The claimant argues that the dispute regarding the compensability of the diagnoses of advanced degenerative arthritis and chondromalacia of the right knee should have been resolved based on the outcome of the waiver issue and is not an extent-of-injury issue as determined by the hearing officer. We agree. Tex. W.C. Comm’n, 28 TEX. ADMIN. CODE § 124.3(c) (Rule 124.3(c)) provides that Section 409.021, regarding the initiation of benefits and carrier waiver, does not apply to “extent of injury” disputes. Notwithstanding, we have held that the rule cannot be interpreted in a way that would allow a dilatory carrier to recast the primary claimed injury issue as an “extent issue” and thereby avoid the mandates of Section 409.021. See Texas Workers’ Compensation Commission Appeal No. 022454, decided November 18, 2002; Texas Workers’ Compensation Commission Appeal No. 021907, decided September 16, 2002; Texas Workers’ Compensation Commission Appeal No. 021569, decided August 12, 2002; and Texas Workers’ Compensation Commission Appeal No. 022183, decided October 9, 2002. In Texas Workers’ Compensation Appeal No. 041738-s, decided September 8, 2004, we stated:

the injury that becomes compensable by virtue of waiver is not necessarily limited by the information listed on the first written notice of injury. Rather the nature of the injury will be defined by that information that could have been reasonably discovered in the carrier’s investigation prior to the expiration of the waiver period.

Based on the evidence presented in this case, the hearing officer determined that the self-insured waived the right to contest compensability of the claimant’s right knee injury. The legal consequence of waiver in this case is that the self-insured may not prevail on an issue regarding extent of injury that concerns the waived injury itself. As such, the advanced degenerative arthritis and chondromalacia diagnoses of the right knee are part of the compensable right knee injury.

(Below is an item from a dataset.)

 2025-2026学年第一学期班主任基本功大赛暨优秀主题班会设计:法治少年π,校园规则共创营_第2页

While not raised by either party on appeal, we distinguish this case from the recent Texas Court of Appeals decision in TIG Premier Insurance Company v. Pemberton and Texas Workers’ Compensation Commission, 127 S.W.3d 270, 274 (Tex. App.-Waco 2003, pet. denied). The issue in Pemberton, supra, was a clear extent-of-injury case; that is to say, the complained-of condition, deep vein thrombosis (DVT), developed some time after the original injury, and the issue was whether the DVT was causally related to the original compensable injury, and whether the carrier waived the right to dispute the compensability of the DVT. Under the circumstances of the Pemberton case, the Court of Appeals held that the waiver provision of Section 409.021(c) applied only to the carrier’s initial response to a notice that an employee has been injured. In the instant case, the diagnoses of advanced degenerative arthritis and chondromalacia of the right knee were part of the right knee injury, which was waived by the self-insured. Therefore, the waiver provision of Section 409.021 applies. Pemberton.

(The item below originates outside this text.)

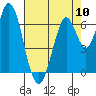 Tide chart for Corkscrew Slough, San Francisco Bay, California on 2024/05/10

The hearing officer’s compensability, disability, and waiver determinations are affirmed. The determination that the compensable injury does not extend to advanced degenerative arthritis and chondromalacia of the right knee is reversed and a new decision rendered that the self-insured waived the right to contest the compensability of aforementioned conditions because it waived the right to contest compensability of the right knee injury.

The true corporate name of the insurance carrier is (a self-insured governmental entity) and the name and address of its registered agent for service of process is

MANAGER

(ADDRESS)

(CITY), TEXAS (ZIP CODE).

Chris Cowan – Appeals Judge

CONCUR:

Elaine M. Chaney – Appeals Judge

Edward Vilano – Appeals Judge

  1. While a Motion for Summary Judgment was granted in this case in a District Court, there is no indication that the motion was granted on the basis that the Appeals Panel had incorrectly interpreted the provisions of Chapter 503.